In contrast, the paper reports an SMD of 0.80 (0.54 - 1.05).
Alternatively, if I try to convert geometric mean to arithmetic mean then the mean and the CI on (base-10) log scale is 1.262 (1.158 - 1.367), thus the standard deviation is
(1.367-1.158)/3.94 * sqrt(129) = 0.606.
Thus, using the method of Higgins et al, the mean on the raw scale is
10^(1.262+0.602^2/2) = 27.9
and the standard deviation is
sqrt( (10^(0.602^2)-1)10^(21.262+0.602^2) ) = 32.15.
Thus, the SMD would be
(18.3 - 4.0) / 32.15 = 0.44,
even farther from the value the paper reported.

It is entirely possible that I made a mistake, so I again tried to contact the corresponding author, who labeled by attempts at reproduction a “speculation” and then flatly refused to further communicate with me.

I’d appreciate your comments on these question. I contacted the editorial office, who suggested to submit my remarks as a letter. (I’m rather sad about this, as this whole story might be a simple misunderstanding on my part that could be cleared in five minutes if they were willing to share their raw data, analysis script, or at least answer my questions, but as the corresponding author was completely unhelpful in this respect, I don’t think I have any other option than to submit this letter.)

Thank you in advance!

tamas.ferenci · May 25, 2021, 10:55pm

I unfortunately can’t edit the post, but there are mistakes, so I give an updated version here as a reply, should anyone in the future come across this post. (Most importantly, I should have used base-e logarithm, of course.)

Here is how the calculation that I now believe to be correct goes:

t=1.98 for this sample size.

Naively, I’d convert it to SMD by assuming a standard deviation of zero to the baseline, and a standard deviation of
(23.3 - 14.4)/(2t) * sqrt(129) = 25.5
to the post-vaccination measurement.
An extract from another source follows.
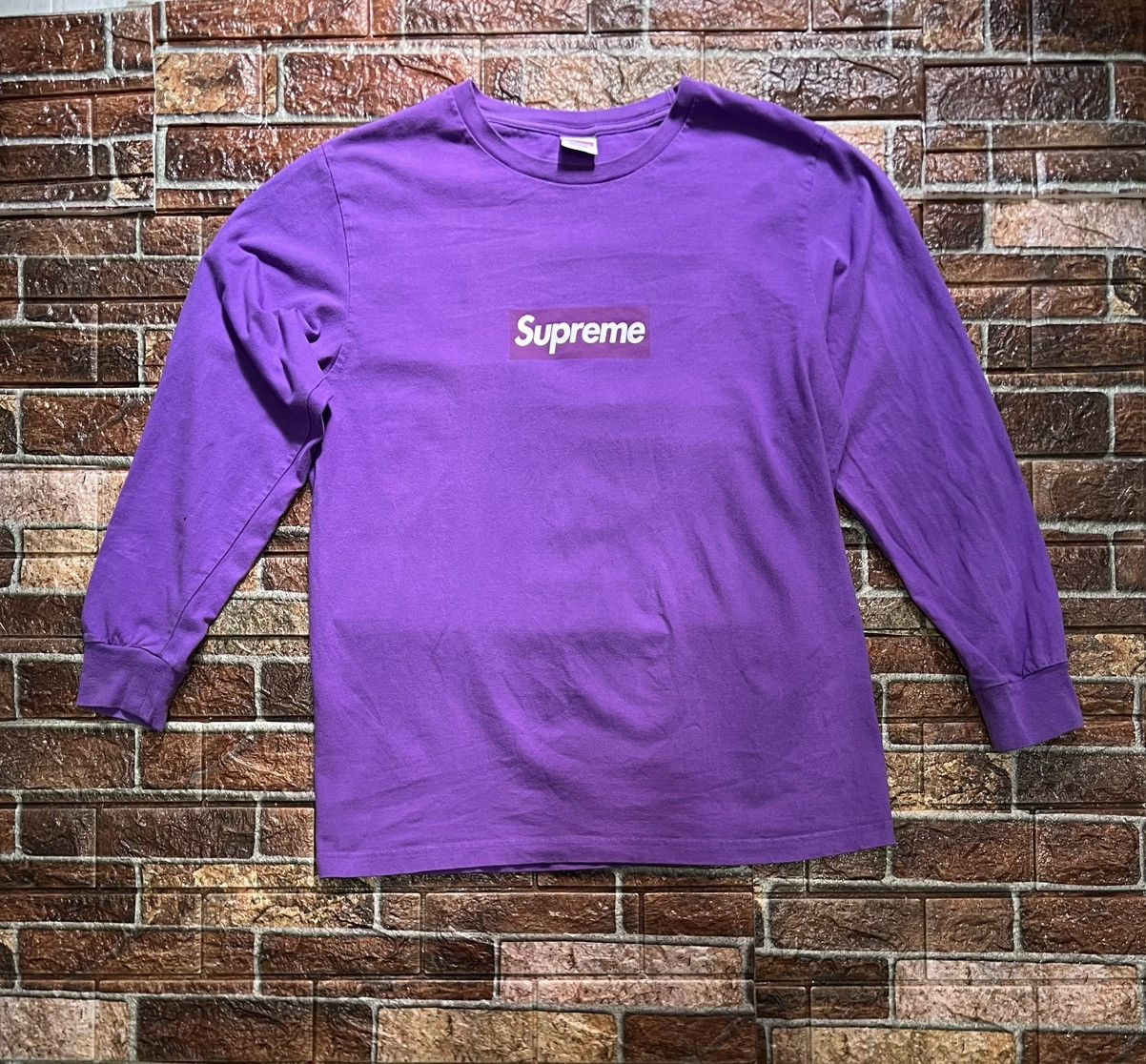 Supreme Box Logo Long Sleeve T Shirt Purple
This’d imply an SMD of
(18.3 - 4.0) / 25.5 = 0.56.
In contrast, the paper reports an SMD of 0.80 (0.54 - 1.05).

Alternatively, if I try to convert geometric mean to arithmetic mean then the mean and the CI on (natural) log scale is 2.91 (2.67 - 3.15), for the post measurement, thus the standard deviation is
(3.15-2.67)/(2t) * sqrt(129) = 1.38.
Thus, using the method of Higgins et al, the mean on the raw scale is
exp(2.91+1.38^2/2) = 47.5
and the standard deviation is
\sqrt{ (\exp(1.38^2)-1)\cdot\exp(2 \cdot 2.91+1.38^2) } = 113.8.
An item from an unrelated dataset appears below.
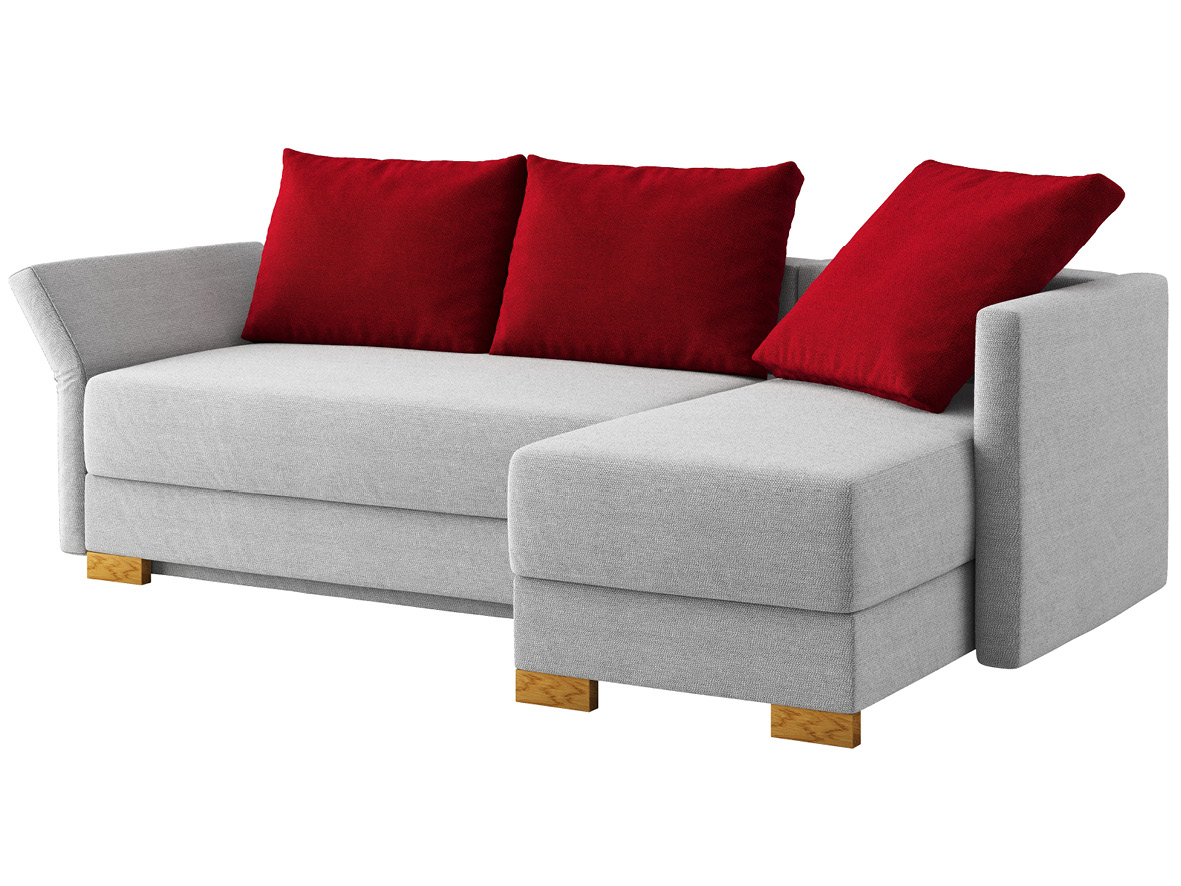 Sofa „Nathalie“ mit Stoff „Ankogel“: Sofafarbe Fels, 2 Rückenkissen und 1 Faltkissen in Farbe Kirsch, Anbauelement rechts, Holzfüße in Eiche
For the pre-measurement, we have 4.0 (-) which I assume to mean 4.0 (4.0-4.0), which in turn translates to 4 as arithmetic mean too.

Thus, the SMD would be
(47.5 - 4.0) / 113.8 = 0.38,
even farther from the value the paper reported.

davidcnorrismd · May 26, 2021, 9:00am

Tamas, I’d encourage you to organize your calculations more systematically in a spreadsheet. Point-wise attempts at reproducing individual results from a paper may (paradoxically?) be more confusing than systematic attempts to reproduce a whole slew of results.

You might like to compare this reanalysis attempt, which I scripted in R Markdown. Because that effort was systematic, it revealed that some of the results were calculated correctly, and even provided a basis for speculation about how the wrong results might have been produced (e.g., by transcription errors).

The first branch-point in the diagnostic ‘decision tree’ in a case like this, is whether the original authors used the right formula incorrectly/inconsistently, or just outright used the wrong formula.